The quaking tree is usually called the quaking aspen or the trembling aspen (Populus tremuloides). It is given this name because the leaves to appear to quake in the wind. Quaking trees are deciduous, medium-sized trees that usually grow to between 20 and 80 feet tall. In the western United States, quaking trees are commonly found growing at altitudes between 5,000 and 12,000 feet, according to the United States Forest Service. Plant a quaking tree where it can be given ample room to grow and provide it rich, well-draining soil.
Choose a suitable planting site for the quaking tree. The ideal location is in full sun, and well away from other trees or structures.

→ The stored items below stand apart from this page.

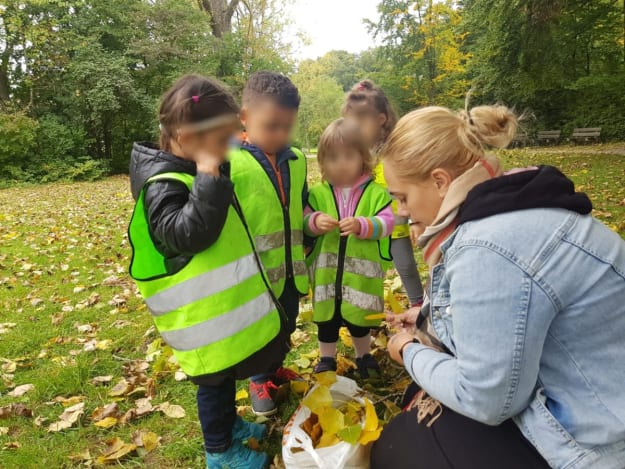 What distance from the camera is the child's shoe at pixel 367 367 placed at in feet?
7.77

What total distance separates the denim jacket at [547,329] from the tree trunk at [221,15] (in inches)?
712

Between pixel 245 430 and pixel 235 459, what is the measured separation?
19 centimetres

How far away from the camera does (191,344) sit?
1606 millimetres

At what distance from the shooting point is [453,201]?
1.26 meters

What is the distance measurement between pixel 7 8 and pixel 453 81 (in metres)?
19.0

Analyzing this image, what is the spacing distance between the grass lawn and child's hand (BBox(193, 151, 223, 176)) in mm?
1329

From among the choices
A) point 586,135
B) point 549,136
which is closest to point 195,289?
point 586,135

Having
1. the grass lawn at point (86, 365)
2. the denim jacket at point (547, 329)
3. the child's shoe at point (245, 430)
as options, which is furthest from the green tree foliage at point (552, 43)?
the grass lawn at point (86, 365)

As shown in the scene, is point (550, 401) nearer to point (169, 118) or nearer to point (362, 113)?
point (169, 118)

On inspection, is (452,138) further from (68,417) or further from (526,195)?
(68,417)

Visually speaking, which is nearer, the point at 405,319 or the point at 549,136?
the point at 405,319

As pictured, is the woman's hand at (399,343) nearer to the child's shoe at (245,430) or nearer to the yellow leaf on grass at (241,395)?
the child's shoe at (245,430)

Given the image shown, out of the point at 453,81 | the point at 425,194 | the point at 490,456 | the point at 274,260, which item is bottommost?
the point at 490,456

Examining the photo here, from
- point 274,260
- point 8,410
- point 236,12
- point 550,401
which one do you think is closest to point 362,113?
point 274,260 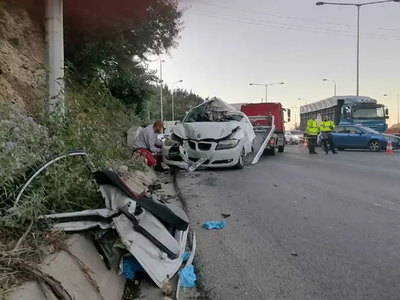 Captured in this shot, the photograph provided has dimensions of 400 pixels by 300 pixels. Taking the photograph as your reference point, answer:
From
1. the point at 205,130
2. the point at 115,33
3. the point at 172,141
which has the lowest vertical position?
Answer: the point at 172,141

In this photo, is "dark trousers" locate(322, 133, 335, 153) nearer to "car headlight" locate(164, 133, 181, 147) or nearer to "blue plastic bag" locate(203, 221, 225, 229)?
"car headlight" locate(164, 133, 181, 147)

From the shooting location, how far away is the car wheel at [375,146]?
20.4m

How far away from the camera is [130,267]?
134 inches

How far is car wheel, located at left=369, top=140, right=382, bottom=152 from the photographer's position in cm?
2036

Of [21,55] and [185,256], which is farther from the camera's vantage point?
[21,55]

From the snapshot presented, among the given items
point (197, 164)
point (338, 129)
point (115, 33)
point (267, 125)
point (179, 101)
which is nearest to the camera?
point (197, 164)

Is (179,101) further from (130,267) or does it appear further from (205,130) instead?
(130,267)

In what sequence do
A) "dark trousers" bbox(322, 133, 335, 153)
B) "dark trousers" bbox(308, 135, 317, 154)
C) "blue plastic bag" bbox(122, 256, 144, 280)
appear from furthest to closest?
"dark trousers" bbox(308, 135, 317, 154) < "dark trousers" bbox(322, 133, 335, 153) < "blue plastic bag" bbox(122, 256, 144, 280)

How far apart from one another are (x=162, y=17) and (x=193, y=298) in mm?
12274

Dig a planting hole for the quaking tree that is three times the diameter of the growing container, if you are planting from a 1-gallon pot. If you are planting from a 3- or 5-gallon planting pot, dig the planting hole twice the diameter and approximately the same depth of the growing container. If planting in clumps, or in a row, space each planting hole between 8 and 10 feet apart.

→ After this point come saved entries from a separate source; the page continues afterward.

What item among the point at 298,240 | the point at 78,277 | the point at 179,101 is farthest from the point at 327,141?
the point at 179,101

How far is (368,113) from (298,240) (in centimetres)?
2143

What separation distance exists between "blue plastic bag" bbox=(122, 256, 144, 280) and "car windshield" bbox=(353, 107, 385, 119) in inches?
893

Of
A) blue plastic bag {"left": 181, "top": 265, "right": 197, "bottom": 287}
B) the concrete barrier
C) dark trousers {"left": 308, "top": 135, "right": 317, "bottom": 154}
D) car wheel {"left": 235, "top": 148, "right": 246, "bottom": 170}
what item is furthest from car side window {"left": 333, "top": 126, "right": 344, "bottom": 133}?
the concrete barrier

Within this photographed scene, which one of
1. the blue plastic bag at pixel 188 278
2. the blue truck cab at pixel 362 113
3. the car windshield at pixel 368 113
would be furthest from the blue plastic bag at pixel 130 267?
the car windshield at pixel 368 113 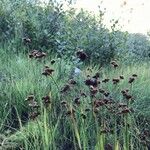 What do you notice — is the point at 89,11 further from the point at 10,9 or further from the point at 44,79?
the point at 44,79

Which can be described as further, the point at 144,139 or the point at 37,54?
the point at 144,139

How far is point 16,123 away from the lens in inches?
182

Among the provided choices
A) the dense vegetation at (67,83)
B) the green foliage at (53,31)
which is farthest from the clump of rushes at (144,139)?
the green foliage at (53,31)

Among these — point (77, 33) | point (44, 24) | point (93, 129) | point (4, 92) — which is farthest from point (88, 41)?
point (93, 129)

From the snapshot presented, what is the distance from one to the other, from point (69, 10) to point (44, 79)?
3.86 m

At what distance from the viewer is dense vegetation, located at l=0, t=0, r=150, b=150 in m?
3.55

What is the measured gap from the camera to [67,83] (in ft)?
12.9

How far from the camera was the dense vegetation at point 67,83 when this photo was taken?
3553 millimetres

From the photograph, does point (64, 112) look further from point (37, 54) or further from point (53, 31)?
point (53, 31)

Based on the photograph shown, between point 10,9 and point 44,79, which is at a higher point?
point 10,9

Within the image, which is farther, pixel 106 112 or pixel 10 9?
pixel 10 9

Lay the container on its side, being careful not to break or crush any of the branches. Starting at the bottom of the container, at a drain hole, cut along the sides of the pot all the way to the rim. Use a pair of all-purpose snips to do this. Make several cuts along the pot, until you can easily extract the quaking tree from its growing container.
Amend the soil you removed from the planting hole if the soil is rocky or sandy. Mix into the soil approximately 1/2 to 1 cubic foot of dehydrated compost or aged manure.
Rough up the root ball on the quaking tree. Spray water along the root system to remove approximately 1 inch of soil from all around the root system.
Plant the quaking tree into the previously created planting hole. Ensure that the quaking tree is sitting at an appropriate level. The top of the root system needs to be sitting at or slightly above the adjacent garden soil, approximately 1 inch. Remove the quaking tree from its planting hole and scoop in a few shovelfuls of soil if necessary until you are sure it is sitting at an appropriate level.
Scoop in soil to secure the quaking tree in its planting hole. Inspect the tree to make certain it is sitting vertically in its planting hole. Fill the planting hole 1/2 full of soil. Firm the soil down around the root system using your foot. Pour 2 to 3 gallons of water into the hole then fill the rest of the hole full of soil as soon as the water has fully dissipated.
Create a berm of dirt, approximately 3 to 4 inches high and about 24 to 36 inches in diameter around the quaking tree. Fill the berm with water slowly, so the water can reach down to the root system of the quaking tree.